Anny waved her hand from side-to-side, “Sorta. Either way, we had to investigate.”

Row after row of empty-eyed androids stood like sleeping soldiers, the lights at their hearts slowly breathing in and out of standby glow. Anny shuddered, more than slightly unnerved.

“Do you see any that aren’t on?” WISR asked. 

“Not as far as I can tell.”

She switched on the flashlight on her watch, casting sinister shadows on lifeless faces. These androids weren’t customized or personalized like consumer models meant for families and companions. Each one was a flat, featureless face with the smallest peak of a nose in the middle of the shiny white surface. Anny knew that behind the plastic was an LED light array that would project eyes and mouths to convey emotion – usually an inhumanly cheery grin in upturned half-moon eyes, as they were oh-so-pleased to serve, but without the added futures, they looked more like pale ghosts in waistcoats. Genderless, featureless, anonymous.

They made her jump back, arms waving, shouting something unintelligible.

“You alright there, partner?”

Plastic and metal hands on her shoulders only served to frighten her further, she whipped around, her flashlight dancing wildly.

“Easy, there. They’re just robots, same as the ones you see every day. Unless you’re this scared of me too.”

She swore his smile grew smile grew a few pixels into a smug grin. Anny just frowned.“Only scary thing about you is that no one’s fed you through a woodchipper by now.”

“Come now, you would have lost your job three times over were I not there to save you. It wouldn’t be a pleasant experience for either of us. But onto the task at hand, shall we split up? Cover more ground?”

“Y-Yeah,” she stammered, a hand rubbing up and down her goosebump-prickled arm. 

Alone, Anny marched down the row, thrusting her light at the shadowed bodies, but each one had a status light to match. It was in the middle when she bumped up against another figure, sending terrified shivers down her spine.

“Find anything?” WISR asked, his monitor glass glinting in her flashlight before he gently pushed her arm aside.

“No, they’re all on. You?”

He shook his head.

“Well, now what?”

“We could call management back, tell them we’ve had enough nonsense for one day. You’d take a hit on your paycheck, maybe, but you wouldn’t have to deal with the scary ghosties any more.”

“What? No! No way! I’ve never given up on a job before and I’m not going to now.”

“But just look at you! You’re positively shaking! Clearly, this kind of job is too much for you. There is no shame in quitting while you’re ahead.”

Anny pushed past him, trooping back up the stairs in a huff. 

“I’m not quitting, not now, not ever.”

Once her eyes adjusted to the world outside the musty basement, Anny noticed something.

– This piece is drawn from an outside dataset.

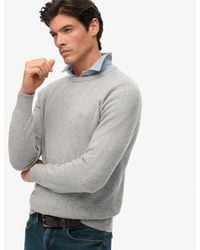 Superdry - & Co Wool Blend Jumper - Lyst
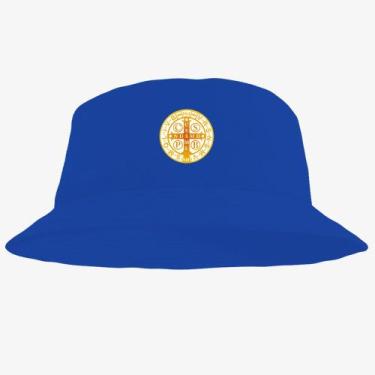Imagem de Boné Chapéu Bucket Hat Estampado Medalha Sao Bento - MP Moda Masculina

The light above her head flickered out as soon as she stepped beneath it, the next one stuttering alive. She narrowed her eyes at it, then took another step forward. It too went out, the one after uneasily blinking on.

“What are you doing?” WISR asked.

“Trying something,” she answered, following the light down the hall and around the corner.

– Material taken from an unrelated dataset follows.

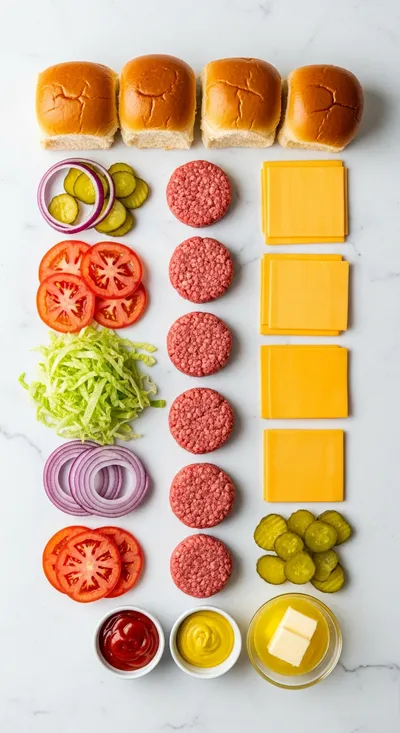 Cheeseburger Sliders Recipe - cooking process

When she took the next step, however, the light stayed in place. Nothing seemed different or unusual about this spot, though, same foil-embellished wallpaper, same ugly patterned carpet.

“Well. That was pointless,” the android announced.

This couldn’t be just it. There had to be some reason why she was lead here. If she was lead here. She looked to her right, looked to her left, and spotted a closet. She grabbed the doorknob, the door creaking open almost of its own accord.

Amongst the ancient, stained mops and cleaning supplies, their labels faded and peeling, a figure sat collapsed and crumbled in the dim shadows.